El sábado a las 21 el teléfono de la guardia sonó. Gustavo atendió y escuchó gritos: “Te voy a matar”, “¿Vos me estás amenazando a mí?”. Cinco minutos después lo tenía a Paz en la puerta. “A los golpes se metió en la guardia y el desenlace fue lo que todos vieron en el video”. Después de pegarle, Miguel Paz reforzó: “¿Querés seguir hablando conmigo? ¡¿Querés seguir haciéndote el loco conmigo?!”.

Paz lo repetía mientras Gustavo agarraba el teléfono para llamar al 911. Cuando la Policía llegó, intentó escapar: “Bajó del departamento con un bolso y por suerte los policías que me estaban tomando testimonio pudieron pararlo”, dice Gustavo. Desde ese sábado su vida cambió. El domingo, en su franco, no pudo ir a buscar a su hijo de cuatro años a la casa de su expareja. Tampoco pudo quedarse el lunes con él.
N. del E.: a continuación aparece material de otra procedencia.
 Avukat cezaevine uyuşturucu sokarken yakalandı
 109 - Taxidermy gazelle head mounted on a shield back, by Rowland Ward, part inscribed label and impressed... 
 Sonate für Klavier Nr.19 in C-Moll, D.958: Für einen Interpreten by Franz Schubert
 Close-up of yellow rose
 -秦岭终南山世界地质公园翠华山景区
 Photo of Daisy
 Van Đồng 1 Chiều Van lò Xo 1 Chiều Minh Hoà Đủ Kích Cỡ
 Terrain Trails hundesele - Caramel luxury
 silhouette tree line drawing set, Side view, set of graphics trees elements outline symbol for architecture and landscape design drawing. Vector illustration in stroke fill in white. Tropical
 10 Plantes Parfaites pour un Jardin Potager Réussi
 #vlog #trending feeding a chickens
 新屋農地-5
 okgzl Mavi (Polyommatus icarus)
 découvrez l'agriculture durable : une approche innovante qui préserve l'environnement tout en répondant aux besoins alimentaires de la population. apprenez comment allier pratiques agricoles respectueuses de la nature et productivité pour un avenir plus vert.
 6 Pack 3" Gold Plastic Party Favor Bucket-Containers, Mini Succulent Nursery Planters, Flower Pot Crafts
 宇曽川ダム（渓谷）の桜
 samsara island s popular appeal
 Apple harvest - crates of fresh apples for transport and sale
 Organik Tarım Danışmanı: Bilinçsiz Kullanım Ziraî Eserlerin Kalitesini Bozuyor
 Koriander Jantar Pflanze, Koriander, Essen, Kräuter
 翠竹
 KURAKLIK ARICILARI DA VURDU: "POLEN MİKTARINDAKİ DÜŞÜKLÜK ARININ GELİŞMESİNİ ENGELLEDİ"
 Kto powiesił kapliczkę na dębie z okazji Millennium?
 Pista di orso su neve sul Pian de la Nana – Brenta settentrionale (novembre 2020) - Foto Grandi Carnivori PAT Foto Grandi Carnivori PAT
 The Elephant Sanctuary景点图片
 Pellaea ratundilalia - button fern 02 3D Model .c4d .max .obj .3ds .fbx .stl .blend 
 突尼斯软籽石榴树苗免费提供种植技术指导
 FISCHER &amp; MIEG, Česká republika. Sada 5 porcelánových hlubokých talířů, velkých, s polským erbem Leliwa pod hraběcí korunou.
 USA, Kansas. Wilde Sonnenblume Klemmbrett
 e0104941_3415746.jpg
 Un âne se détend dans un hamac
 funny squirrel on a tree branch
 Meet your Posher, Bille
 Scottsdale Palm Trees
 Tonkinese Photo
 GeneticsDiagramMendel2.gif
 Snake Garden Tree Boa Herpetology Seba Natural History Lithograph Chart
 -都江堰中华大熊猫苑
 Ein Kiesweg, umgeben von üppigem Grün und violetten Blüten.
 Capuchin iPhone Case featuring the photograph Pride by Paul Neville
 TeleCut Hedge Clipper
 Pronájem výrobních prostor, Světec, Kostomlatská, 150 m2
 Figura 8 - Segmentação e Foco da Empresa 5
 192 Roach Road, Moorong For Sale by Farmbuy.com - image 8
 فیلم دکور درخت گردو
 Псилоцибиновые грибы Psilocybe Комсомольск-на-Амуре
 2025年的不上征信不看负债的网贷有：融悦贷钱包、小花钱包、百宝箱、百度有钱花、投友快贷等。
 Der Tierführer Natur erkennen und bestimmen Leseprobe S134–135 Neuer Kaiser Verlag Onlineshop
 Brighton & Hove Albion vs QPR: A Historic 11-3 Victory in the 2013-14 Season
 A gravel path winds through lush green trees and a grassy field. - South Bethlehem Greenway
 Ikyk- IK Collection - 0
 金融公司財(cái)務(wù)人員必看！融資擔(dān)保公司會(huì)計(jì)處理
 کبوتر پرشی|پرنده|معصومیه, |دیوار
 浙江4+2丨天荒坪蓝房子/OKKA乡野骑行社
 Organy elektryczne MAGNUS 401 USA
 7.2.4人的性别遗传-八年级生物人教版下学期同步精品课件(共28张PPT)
“¿Qué estás haciendo papá que no me viniste a buscar?”, fue la primera pregunta que le hizo. “Hijito, me siento enfermo. Cuando me recupere voy, pero ahora no. Quiero preservar tu salud”, le respondió Gustavo. “Ah, bueno”, aceptó el nene pero al día siguiente y al otro y al otro consultó: “¿Cuándo nos vamos a ver? Te extraño y te amo mucho”.

Todos los días hablan y en esas conversaciones Gustavo elige las palabras: “No le quiero mentir pero tampoco preocuparlo. No quiero decirle a papá lo golpearon”. Pensar en su hijo y en lo que hubiera ocurrido no lo deja dormir: “Me pudo contagiar, pero también dejarme discapacitado o con alguna invalidez. Si eso pasaba cómo le daba de comer a mi hijo”, dice y no perdona.

No acepto sus disculpas. No las creo. A este hombre no le importan los demás”. Habla del video que Paz difundió días atrás, donde dijo haber sido un cobarde y que Gustavo “no merecía esa agresión”. No dijo “mi agresión”, sino “esa”. Una actitud muy diferente a la que se ve en el video cuando “mi” – “me estás amenazando a mi”- era reiterativo y denostaba superioridad.

Sobre Paz también habló el Presidente. En conferencia de prensa, dijo: “Un tonto no va a poner en peligro a la Argentina”. Fernández también llamó a Gustavo. “Me felicitó por mi acto cívico y me dijo que se va a hacer Justicia”.